You must be joking!
Joan on dance and humour
As a dancer and choreographer I am very often asked to talk about my work, not only in professional contexts but also in everyday life situations: for example when I meet someone at a dinner or chatting to taxi drivers. The first challenge is to try to explain what is this obscure thing called ‘contemporary dance’… Then, when I talk about our latest production, Plan B for Utopia, I’ll end up saying something like ‘it’s a show about changing the world, it’s funny, you’d like it!’. And then people start looking really confused: that doesn’t add up! How can ‘dance’ talk about social and political issues? What does it have to say? And how can it be funny? Am I just taking the piss?
No, not at all. The creation of Plan B for Utopia came out of the need to bridge the gap between my practice as a choreographer, which can sometimes feel removed from everyday reality, and ‘big questions’ around my personal life: what difference can I make in the world and those around me? How do I live my life in the most ethical/responsible way? How do I know my dream is not someone else’s nightmare?
For me, and for everyone else I hope, these are important, urgent questions, so once we got into the studio, we used any available device to tackle them: dance, theatre, props, singing, storytelling… And guess what, the more clever I tried to be, the more bored I was. Again and again I kept being drawn to moments where the dancers where being playful, subversive, unafraid.
So what if that was an answer in itself? What if humour was connected to creativity and imagination? To a sense of playing where social categories and political ideas are not precious or fixed objects, but building blocks to play with, throw at each other, make castles in the air that fall apart and are built again? Hmm… We were onto something.
Then of course came the realisation that I wasn’t the first one to work in that way. The UK has an amazing tradition of physical comedy fully charged with ideological content, think of the Monty Python, Fawlty Towers, Rowan Atkinson… Unsurprisingly, there are also many choreographers working today in the UK that use humour as an integral part of their artistic practice: Ben Duke, New Art Club, Lea Anderson, Seke Chimutengwende, Dog Kennel Hill Project or Liz Aggiss to name just a few.
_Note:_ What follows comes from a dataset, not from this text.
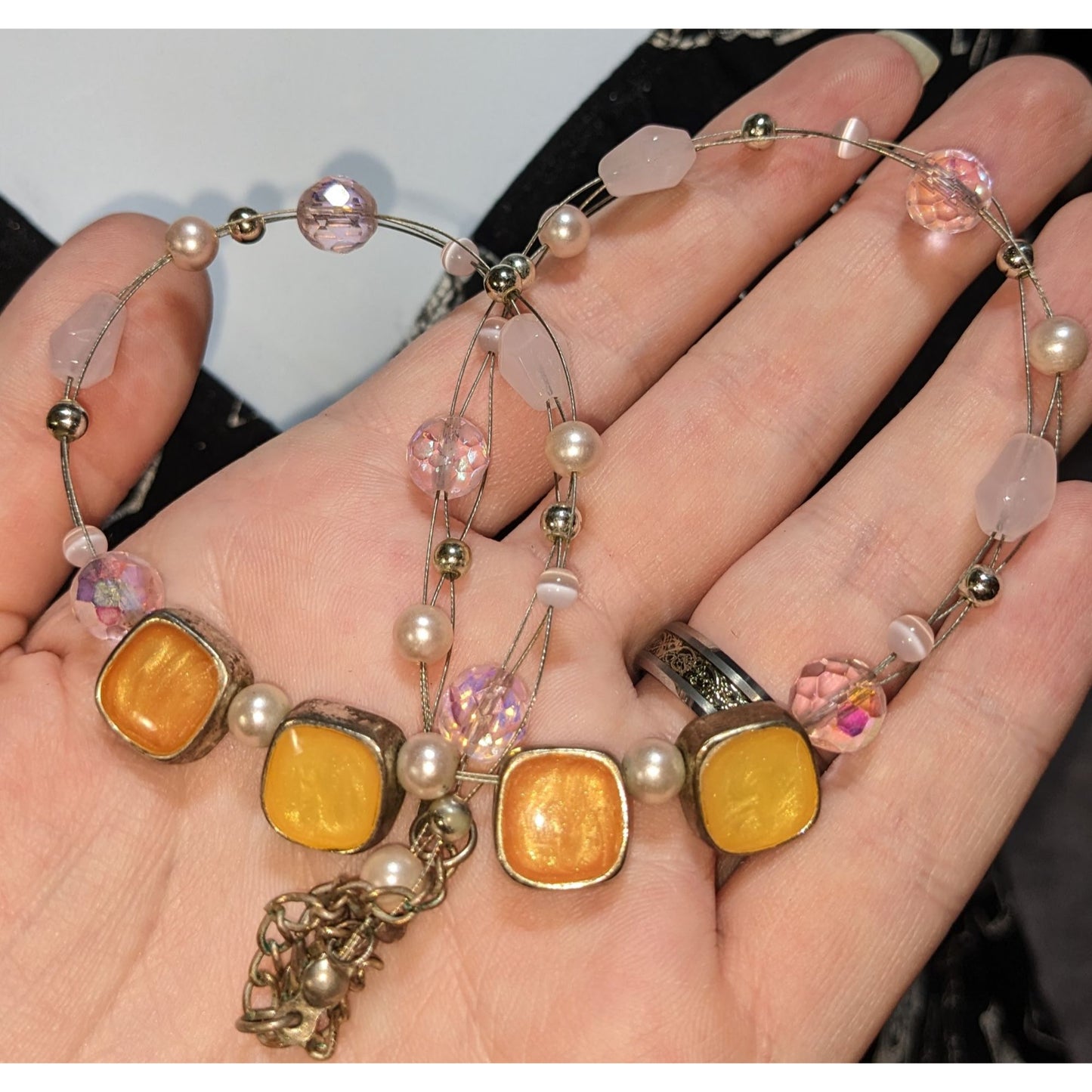 Pink Beaded Statement Necklace Pastel Glass Pearl Gold Tone Colorblock Jewelry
All of those dance artists engage with humour in a highly distinctive way, illuminating the complexities and contradictions of the human condition, offering us a glimpse of other ways of seeing, thinking and experiencing the world. In this sense, I believe that humour has the capacity to transcend difference and bring us together in a shared experience. As John Cleese points out, the opposite of funny is not serious but solemn. Solemnity doesn’t get us anywhere, it’s static and just perpetuates the status quo. Humour is a dynamic process and can have a profound, transformative effect on people. With Plan B for Utopia we want to make an invitation to think creatively around some of the very serious and complex problems that we face today. And having fun with it is not only a side-effect of the show, it’s at the heart of our invitation.